Six months ago, when I arrived in Birmingham, Alabama, for my internship interview, I could never have imagined the moment, six months later, when, after entering the empty Exeter College library and climbing a turret of spiral stone steps, I would be flipping the pages of an annal of history from 1776 with Morgan, searching for a mention of America’s independence, and laughing at the 18th century phrasing. The book was hidden behind others on the very top shelf, and Morgan had to dust it off as he stood on a stepladder amid leather-bound volumes and leather-clad bookshelves. The building had that musty smell that only an old library can have. The bells were ringing in the chapel, and Morgan said I looked at home among the books. We walked back to my car past scantily-clad girls waiting outside clubs. The wind was crisp and cold and smelled of night.

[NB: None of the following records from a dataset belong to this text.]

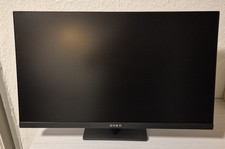 HP OMEN by HP 24 - LED-Monitor - Gaming - 165 Hz - FHD - Höhenverstellbar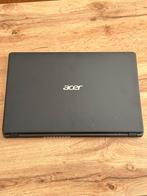 Acer Extensa 15 i3 8GB RAM 512GB SSD (VOOR €100 MAG WEG), Ophalen, Gebruikt, 2 tot 3 Ghz, 15 inch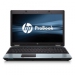 Photo of product AR56778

As I stood there in the most expensive skirt I own, with heels and hose and a coat that I’d only been able to afford because it was in the sales, the strangest thing of all to me was the realisation that I actually could fit in with this group of people: these lawyers and doctors and managers and financiers. That I was very easily able to hold a conversation, to be confident, to laugh and engage and give my opinion—or at least a part of it. That a high-powered lawyer would tell me all about his private plane and foreign timeshare and his wish for companionship. That, despite being nothing like most of these men, I was able to fit.
My Dad’s comment when I mentioned this: It helped that you’re a woman. This, of course, changed my perspective somewhat, especially after reanalysing the evening.

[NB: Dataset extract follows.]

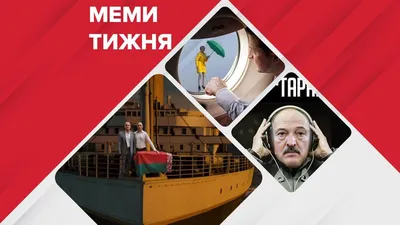 С Днем Рождения Ира! Поздравление с днем рождения для прекрасной девушки  Ирины - YouTube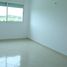 3 Bedroom Apartment for sale at Bel appartement à vendre de 112 m², Na Hssaine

On the way home the roads were empty, and a shut-eyed moon was resting its gold head against strips of cloud. I took off my coat and hose and earrings and necklace, unclipped my hair, and turned up the volume.

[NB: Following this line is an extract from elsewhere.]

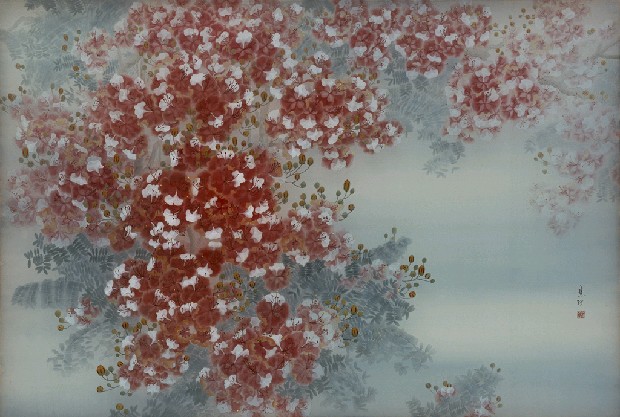 藏品:紫氣的(1)張圖片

Of course, your Dad's analysis was wise as usual, but it need not necessarily alter your perspective after you re-reanalyse the evening, as I suspect the lawyer has done. Private planes and foreign properties serve as bait for largely materialistic women who offer no substitute for quality companionship. I suspect the lawyer had consumed moderate quantities of adult beverage, and after re-reanalysing the evening, wished that there had been a caboose to his train of thought before derailing the conversation to the likes of planes and properties while in the company of one who is too substantive and smart to be persuaded by such an intellectually dishonest means to impress a woman. Nevetheless, I believe his intentions were good. He probably was a bit overcome by the charm of what he viewed as a kindred spirit in another world.